4.3 Validation of the Mathematical Models

It can be seen that the experimental values for the SG, OS, SV, VI, SI, UI, firmness and springiness and these values predicted by the models did not present a significant difference in the single sample Student’s t-test (p > 0.05) (Table 6.6). Therefore, we may consider as validated the models for the SG, OS, SV, VI, SI, UI, firmness and springiness.

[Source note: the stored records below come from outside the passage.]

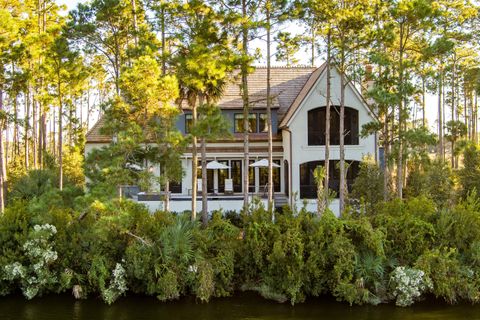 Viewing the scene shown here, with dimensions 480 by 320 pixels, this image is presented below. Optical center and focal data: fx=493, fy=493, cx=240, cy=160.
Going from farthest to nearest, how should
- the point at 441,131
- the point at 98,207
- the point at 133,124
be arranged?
the point at 441,131
the point at 133,124
the point at 98,207

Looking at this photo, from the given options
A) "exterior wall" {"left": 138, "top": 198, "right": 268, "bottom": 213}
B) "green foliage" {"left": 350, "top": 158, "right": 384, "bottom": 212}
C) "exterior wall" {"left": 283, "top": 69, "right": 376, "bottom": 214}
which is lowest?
"exterior wall" {"left": 138, "top": 198, "right": 268, "bottom": 213}

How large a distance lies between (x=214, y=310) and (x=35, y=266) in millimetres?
5562

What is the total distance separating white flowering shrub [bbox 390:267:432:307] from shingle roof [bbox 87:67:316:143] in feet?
48.4

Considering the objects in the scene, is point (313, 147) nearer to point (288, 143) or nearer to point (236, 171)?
point (288, 143)

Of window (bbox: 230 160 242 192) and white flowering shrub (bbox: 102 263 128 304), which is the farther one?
window (bbox: 230 160 242 192)

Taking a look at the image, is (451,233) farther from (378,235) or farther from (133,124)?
(133,124)

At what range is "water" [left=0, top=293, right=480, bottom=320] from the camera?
533 inches

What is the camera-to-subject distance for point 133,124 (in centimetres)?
1478

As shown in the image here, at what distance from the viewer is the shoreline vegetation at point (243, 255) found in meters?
14.7

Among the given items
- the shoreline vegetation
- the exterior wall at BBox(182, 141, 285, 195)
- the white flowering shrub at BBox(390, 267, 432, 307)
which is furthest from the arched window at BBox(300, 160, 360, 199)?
the white flowering shrub at BBox(390, 267, 432, 307)

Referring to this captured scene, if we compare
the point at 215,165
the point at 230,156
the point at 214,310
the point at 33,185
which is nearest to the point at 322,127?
the point at 230,156

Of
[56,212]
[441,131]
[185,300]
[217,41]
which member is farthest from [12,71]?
[441,131]

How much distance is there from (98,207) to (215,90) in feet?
25.5

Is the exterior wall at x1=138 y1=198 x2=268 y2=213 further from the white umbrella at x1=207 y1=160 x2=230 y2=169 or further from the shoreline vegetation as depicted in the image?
the shoreline vegetation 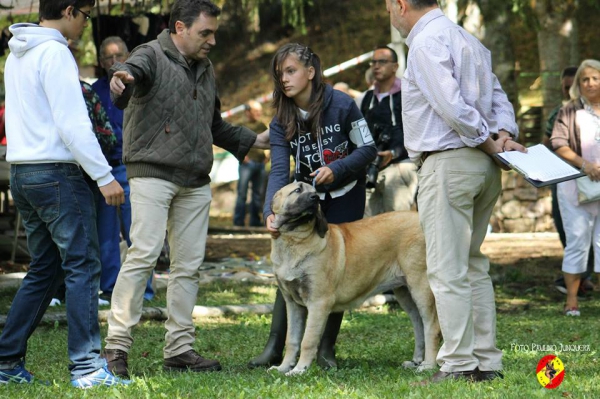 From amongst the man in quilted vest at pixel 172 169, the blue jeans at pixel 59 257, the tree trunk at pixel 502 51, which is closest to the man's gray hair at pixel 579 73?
the man in quilted vest at pixel 172 169

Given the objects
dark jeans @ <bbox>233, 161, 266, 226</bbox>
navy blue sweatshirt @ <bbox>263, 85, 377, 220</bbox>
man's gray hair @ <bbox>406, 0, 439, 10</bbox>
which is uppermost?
man's gray hair @ <bbox>406, 0, 439, 10</bbox>

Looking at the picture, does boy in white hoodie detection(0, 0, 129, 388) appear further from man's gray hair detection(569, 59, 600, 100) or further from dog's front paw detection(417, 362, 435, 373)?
man's gray hair detection(569, 59, 600, 100)

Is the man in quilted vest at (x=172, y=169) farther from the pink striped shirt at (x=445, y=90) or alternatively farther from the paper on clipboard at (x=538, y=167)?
the paper on clipboard at (x=538, y=167)

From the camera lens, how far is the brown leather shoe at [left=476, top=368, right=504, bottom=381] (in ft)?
16.6

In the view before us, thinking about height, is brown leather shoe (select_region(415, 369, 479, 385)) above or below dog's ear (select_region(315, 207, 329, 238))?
below

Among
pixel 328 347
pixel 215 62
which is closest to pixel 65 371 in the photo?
pixel 328 347

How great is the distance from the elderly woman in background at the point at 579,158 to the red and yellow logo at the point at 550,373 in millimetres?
4002

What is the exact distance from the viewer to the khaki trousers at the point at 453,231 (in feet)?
16.0

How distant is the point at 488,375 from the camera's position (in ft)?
16.9

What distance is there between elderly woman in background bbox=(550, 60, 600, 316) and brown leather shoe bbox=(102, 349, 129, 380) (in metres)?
4.71

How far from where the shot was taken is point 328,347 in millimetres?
6133

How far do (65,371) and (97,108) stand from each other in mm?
2697

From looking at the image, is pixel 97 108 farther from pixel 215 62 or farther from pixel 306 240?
pixel 215 62

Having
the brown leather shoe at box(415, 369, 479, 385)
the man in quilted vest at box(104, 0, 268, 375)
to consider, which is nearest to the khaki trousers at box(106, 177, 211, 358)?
the man in quilted vest at box(104, 0, 268, 375) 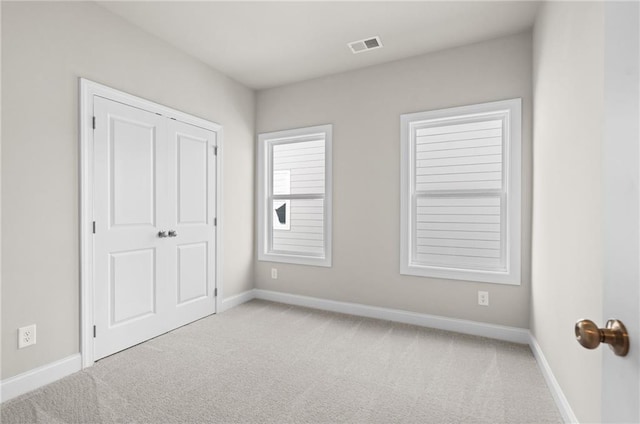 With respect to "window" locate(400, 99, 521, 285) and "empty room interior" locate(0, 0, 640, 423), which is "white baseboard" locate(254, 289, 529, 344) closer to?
"empty room interior" locate(0, 0, 640, 423)

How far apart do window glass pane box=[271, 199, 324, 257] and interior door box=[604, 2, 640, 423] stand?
333 cm

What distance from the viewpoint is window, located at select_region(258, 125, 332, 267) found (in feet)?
12.7

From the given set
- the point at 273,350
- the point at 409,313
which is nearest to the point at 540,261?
the point at 409,313

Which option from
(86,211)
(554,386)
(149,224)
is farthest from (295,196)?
(554,386)

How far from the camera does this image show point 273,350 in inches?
108

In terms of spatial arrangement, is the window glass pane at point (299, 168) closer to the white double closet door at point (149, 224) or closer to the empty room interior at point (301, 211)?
the empty room interior at point (301, 211)

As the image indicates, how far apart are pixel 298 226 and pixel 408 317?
65.2 inches

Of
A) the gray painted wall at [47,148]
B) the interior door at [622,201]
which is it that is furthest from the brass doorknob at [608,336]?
the gray painted wall at [47,148]

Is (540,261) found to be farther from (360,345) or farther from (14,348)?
(14,348)

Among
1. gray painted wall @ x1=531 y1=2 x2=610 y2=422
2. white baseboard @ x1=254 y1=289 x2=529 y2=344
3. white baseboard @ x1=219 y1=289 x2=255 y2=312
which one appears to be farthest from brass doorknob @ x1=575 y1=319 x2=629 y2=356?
white baseboard @ x1=219 y1=289 x2=255 y2=312

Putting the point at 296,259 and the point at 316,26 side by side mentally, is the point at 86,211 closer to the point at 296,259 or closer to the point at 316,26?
the point at 296,259

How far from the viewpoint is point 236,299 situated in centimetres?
399

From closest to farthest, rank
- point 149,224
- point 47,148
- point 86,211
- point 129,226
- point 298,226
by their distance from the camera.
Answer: point 47,148
point 86,211
point 129,226
point 149,224
point 298,226

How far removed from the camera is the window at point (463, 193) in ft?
9.64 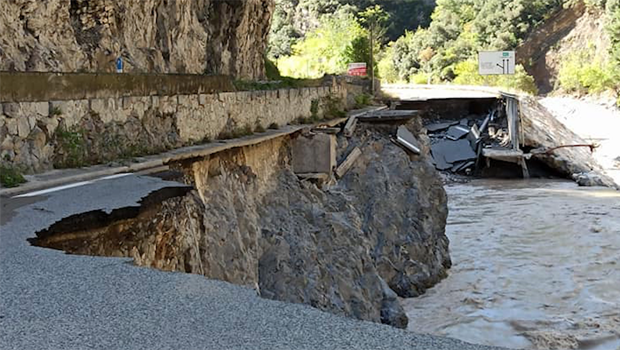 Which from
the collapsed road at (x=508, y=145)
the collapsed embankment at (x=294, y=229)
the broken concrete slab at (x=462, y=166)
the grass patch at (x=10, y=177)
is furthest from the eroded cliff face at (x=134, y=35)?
the broken concrete slab at (x=462, y=166)

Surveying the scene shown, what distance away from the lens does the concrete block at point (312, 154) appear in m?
13.5

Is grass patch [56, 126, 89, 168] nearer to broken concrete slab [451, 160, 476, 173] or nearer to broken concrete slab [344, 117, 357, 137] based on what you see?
broken concrete slab [344, 117, 357, 137]

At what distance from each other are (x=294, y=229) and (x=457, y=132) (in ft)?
87.3

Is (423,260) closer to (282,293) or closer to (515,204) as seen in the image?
(282,293)

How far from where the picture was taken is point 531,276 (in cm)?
1758

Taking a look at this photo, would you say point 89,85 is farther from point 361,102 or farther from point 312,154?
point 361,102

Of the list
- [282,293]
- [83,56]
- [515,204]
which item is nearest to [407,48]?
[515,204]

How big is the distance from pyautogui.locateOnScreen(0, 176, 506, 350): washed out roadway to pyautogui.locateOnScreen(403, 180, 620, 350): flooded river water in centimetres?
910

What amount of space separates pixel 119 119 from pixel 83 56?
29.6 ft

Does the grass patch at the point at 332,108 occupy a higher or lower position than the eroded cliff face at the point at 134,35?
lower

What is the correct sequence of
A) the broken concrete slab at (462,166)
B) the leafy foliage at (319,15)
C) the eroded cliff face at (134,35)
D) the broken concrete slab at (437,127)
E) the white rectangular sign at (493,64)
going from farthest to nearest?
the leafy foliage at (319,15), the white rectangular sign at (493,64), the broken concrete slab at (437,127), the broken concrete slab at (462,166), the eroded cliff face at (134,35)

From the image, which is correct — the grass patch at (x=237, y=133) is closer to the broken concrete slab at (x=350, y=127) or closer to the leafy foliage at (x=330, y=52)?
the broken concrete slab at (x=350, y=127)

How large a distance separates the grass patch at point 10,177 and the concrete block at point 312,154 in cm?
643

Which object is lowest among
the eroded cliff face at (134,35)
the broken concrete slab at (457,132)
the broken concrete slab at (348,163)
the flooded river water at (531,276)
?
the flooded river water at (531,276)
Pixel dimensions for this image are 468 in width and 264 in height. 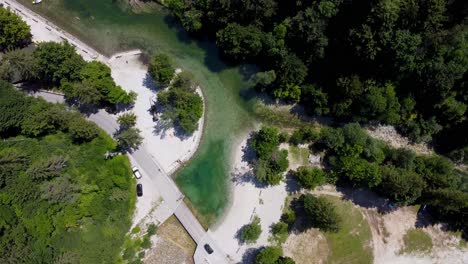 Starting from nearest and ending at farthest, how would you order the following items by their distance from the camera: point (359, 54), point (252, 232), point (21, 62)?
point (359, 54), point (21, 62), point (252, 232)

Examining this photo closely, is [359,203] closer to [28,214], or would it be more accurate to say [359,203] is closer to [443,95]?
[443,95]

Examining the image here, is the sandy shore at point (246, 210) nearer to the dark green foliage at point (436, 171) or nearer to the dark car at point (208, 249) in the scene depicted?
the dark car at point (208, 249)

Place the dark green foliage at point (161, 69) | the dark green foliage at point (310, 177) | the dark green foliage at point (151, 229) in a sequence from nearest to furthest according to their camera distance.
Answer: the dark green foliage at point (310, 177) → the dark green foliage at point (161, 69) → the dark green foliage at point (151, 229)

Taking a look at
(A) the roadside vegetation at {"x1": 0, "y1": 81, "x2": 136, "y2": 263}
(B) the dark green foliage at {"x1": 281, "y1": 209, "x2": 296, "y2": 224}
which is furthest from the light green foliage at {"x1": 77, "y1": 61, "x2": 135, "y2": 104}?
(B) the dark green foliage at {"x1": 281, "y1": 209, "x2": 296, "y2": 224}

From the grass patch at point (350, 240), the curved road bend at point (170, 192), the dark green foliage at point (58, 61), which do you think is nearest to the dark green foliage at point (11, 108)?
the curved road bend at point (170, 192)

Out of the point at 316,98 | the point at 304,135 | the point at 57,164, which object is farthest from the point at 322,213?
the point at 57,164

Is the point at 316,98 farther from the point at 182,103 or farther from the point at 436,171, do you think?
the point at 182,103

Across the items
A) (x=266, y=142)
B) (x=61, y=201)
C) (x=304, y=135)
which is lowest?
(x=61, y=201) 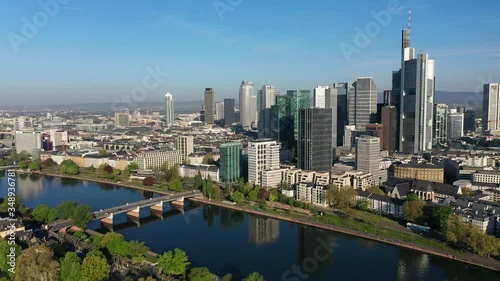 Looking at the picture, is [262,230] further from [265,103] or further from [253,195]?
[265,103]

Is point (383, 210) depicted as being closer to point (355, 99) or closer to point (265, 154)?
point (265, 154)

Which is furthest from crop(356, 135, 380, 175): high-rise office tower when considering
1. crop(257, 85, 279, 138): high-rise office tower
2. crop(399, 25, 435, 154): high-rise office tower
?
crop(257, 85, 279, 138): high-rise office tower

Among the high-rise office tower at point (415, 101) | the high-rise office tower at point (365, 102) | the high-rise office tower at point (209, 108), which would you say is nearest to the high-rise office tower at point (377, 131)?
the high-rise office tower at point (415, 101)

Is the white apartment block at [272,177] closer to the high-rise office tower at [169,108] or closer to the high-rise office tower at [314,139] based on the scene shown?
the high-rise office tower at [314,139]

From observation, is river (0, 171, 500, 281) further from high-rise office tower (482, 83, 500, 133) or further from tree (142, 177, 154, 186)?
high-rise office tower (482, 83, 500, 133)

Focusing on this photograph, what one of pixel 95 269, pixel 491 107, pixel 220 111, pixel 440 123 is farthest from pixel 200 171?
pixel 220 111

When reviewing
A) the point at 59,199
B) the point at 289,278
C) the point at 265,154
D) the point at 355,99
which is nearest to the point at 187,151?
the point at 265,154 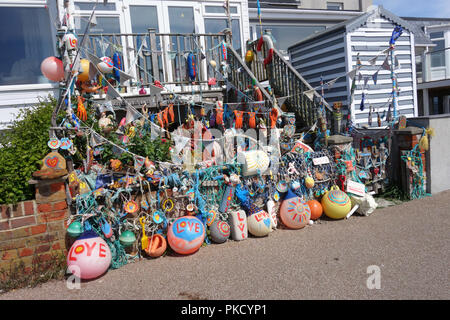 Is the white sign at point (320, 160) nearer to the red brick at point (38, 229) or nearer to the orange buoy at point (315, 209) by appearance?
the orange buoy at point (315, 209)

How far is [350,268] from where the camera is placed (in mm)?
3791

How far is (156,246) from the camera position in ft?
14.4

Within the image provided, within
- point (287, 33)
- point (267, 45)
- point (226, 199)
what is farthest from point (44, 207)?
point (287, 33)

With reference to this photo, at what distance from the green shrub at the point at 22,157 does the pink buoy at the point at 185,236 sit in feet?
5.89

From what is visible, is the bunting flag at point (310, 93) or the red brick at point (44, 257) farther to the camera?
the bunting flag at point (310, 93)

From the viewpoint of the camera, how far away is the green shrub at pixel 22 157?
391 cm

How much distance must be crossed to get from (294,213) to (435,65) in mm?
12870

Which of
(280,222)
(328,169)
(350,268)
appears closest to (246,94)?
(328,169)

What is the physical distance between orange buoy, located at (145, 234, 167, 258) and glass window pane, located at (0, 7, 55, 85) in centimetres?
529

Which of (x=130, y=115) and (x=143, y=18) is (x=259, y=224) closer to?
(x=130, y=115)

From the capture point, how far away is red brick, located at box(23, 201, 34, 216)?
392cm

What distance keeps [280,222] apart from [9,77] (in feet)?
22.1

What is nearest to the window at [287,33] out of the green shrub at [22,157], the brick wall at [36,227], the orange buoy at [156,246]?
the green shrub at [22,157] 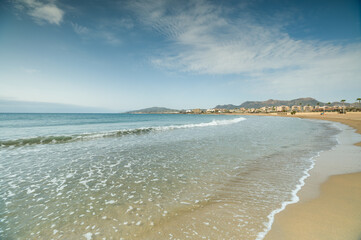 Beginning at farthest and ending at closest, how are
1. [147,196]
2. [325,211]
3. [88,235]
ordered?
1. [147,196]
2. [325,211]
3. [88,235]

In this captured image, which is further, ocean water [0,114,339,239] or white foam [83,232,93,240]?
ocean water [0,114,339,239]

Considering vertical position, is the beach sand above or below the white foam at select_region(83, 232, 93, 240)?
above

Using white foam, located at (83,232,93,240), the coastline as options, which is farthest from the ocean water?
the coastline

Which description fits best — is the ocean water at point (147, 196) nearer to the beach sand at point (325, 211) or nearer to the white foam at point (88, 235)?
the white foam at point (88, 235)

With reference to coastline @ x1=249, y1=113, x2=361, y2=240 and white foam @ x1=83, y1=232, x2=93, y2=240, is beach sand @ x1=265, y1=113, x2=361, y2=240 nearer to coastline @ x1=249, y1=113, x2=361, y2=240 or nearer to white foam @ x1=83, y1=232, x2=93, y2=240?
coastline @ x1=249, y1=113, x2=361, y2=240

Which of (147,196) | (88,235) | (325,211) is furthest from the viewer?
(147,196)

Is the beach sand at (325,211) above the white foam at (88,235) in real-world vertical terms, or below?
above

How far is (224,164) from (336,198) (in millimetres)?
4051

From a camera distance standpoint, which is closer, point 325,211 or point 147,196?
point 325,211

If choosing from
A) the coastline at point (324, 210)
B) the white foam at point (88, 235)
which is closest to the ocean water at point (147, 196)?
the white foam at point (88, 235)

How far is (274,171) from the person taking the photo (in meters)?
7.05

Table 6.6 Experimental values and the values predicted by the fitted regression models for the batter specific gravity and the technological parameters of the cakes

4.4 Technological Optimization

At the established conditions for the optimization, the optimal flour formulation for the cake premixes was: S = 20% and R = 80%, with a desirability value of 0.516 (Fig. 6.7). Despite not having any E, this optimized formulation is one way to insert sorghum in industrialized foodstuffs, considering the growing demand for GF, more sustainable, convenient and high-quality foods.

Fig. 6.7
figure 7

Profile of predicted values and desirability for the technological optimization

5 Conclusions

R was shown to be an important cereal in this study, as it improved many of the technological properties of cake (OS, SV, VI, SI, UI, firmness, and springiness) discussed here. Therefore, if the main objective is the introduction of an unconventional cereal, such as sorghum, in industrialized food products, the use of R is suggested to increase the technological quality of GF cereal-based cakes. Regardless of this fact, it is important to highlight that the use of a higher amount of liquid ingredients in the cake preparation could improve the technological characteristics of the products in which there were more S and E.

One optimized technological formulation for GF cake premixes have been suggested, in which the optimal flour formulation for the cake premixes was S = 20% and R = 80%. Although S and E have presented worse technological yields than R, they have great potential in cake production. It is essential to carry future studies that increase the amount of liquids in the formulations, for example, mainly because it was proved that E extends the shelf-life of the cake premix. These technological evidences could also act as a catalyst for the uptake and demand for sorghum by the food industry and consumers.